* EXERCISE DIRECTIONS *
Repeat only the lines below from the one containing "Snapshot of scarlett_079" through the one containing "뉴발란스 유니 액티브 숏 구스다운 패딩(라이트베이지) 상품이미지2", inclusive, exactly as written.

* DATA RECORDS *
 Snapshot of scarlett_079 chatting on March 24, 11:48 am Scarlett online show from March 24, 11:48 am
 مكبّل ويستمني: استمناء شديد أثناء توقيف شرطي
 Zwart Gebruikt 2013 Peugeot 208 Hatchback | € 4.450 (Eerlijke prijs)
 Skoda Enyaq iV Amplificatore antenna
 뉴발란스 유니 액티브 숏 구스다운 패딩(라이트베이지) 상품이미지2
---
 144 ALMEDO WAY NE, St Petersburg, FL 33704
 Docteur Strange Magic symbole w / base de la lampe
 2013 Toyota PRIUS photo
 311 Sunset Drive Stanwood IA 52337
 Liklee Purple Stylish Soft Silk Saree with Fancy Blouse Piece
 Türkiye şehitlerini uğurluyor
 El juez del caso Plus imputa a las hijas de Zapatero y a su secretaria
* * *
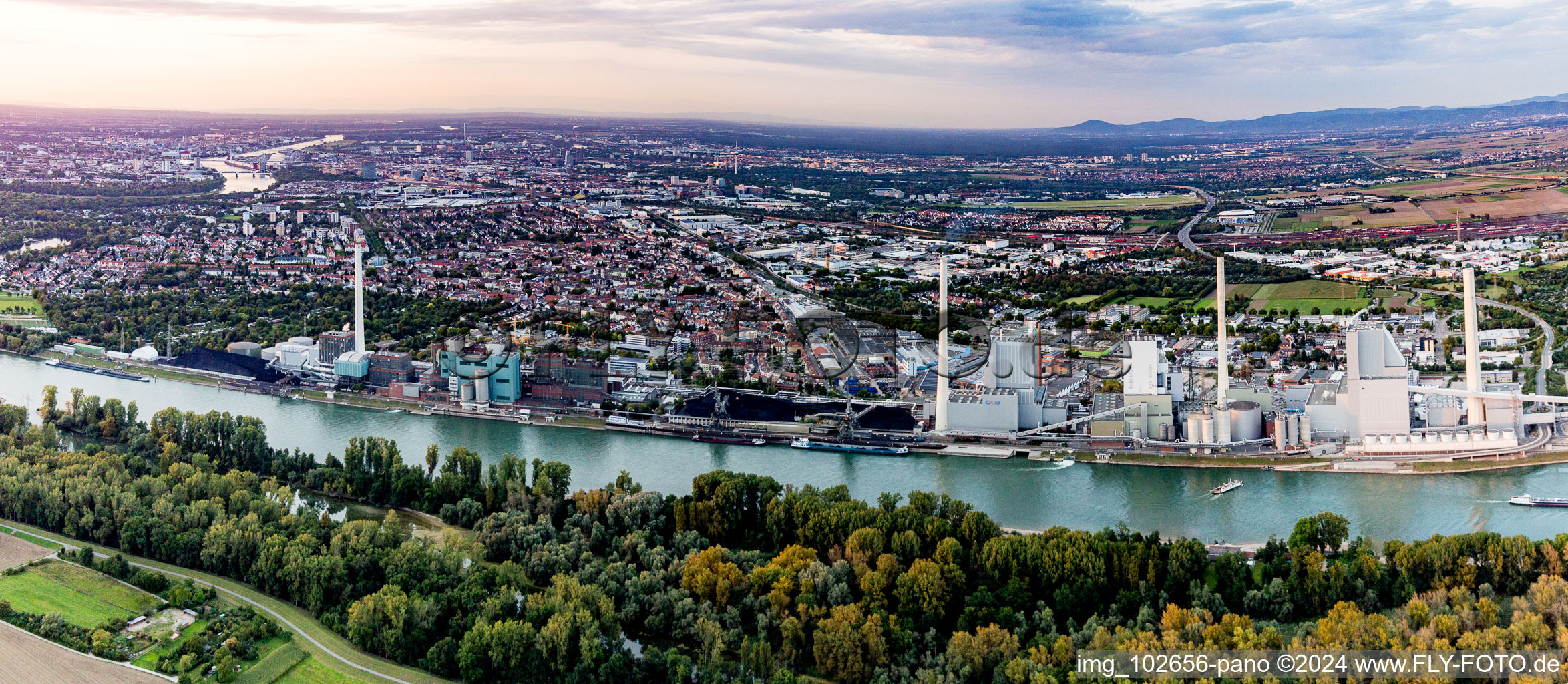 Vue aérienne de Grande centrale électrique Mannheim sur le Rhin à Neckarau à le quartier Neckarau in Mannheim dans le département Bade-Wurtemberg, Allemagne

* REPLY *
 Snapshot of scarlett_079 chatting on March 24, 11:48 am Scarlett online show from March 24, 11:48 am
 مكبّل ويستمني: استمناء شديد أثناء توقيف شرطي
 Zwart Gebruikt 2013 Peugeot 208 Hatchback | € 4.450 (Eerlijke prijs)
 Skoda Enyaq iV Amplificatore antenna
 뉴발란스 유니 액티브 숏 구스다운 패딩(라이트베이지) 상품이미지2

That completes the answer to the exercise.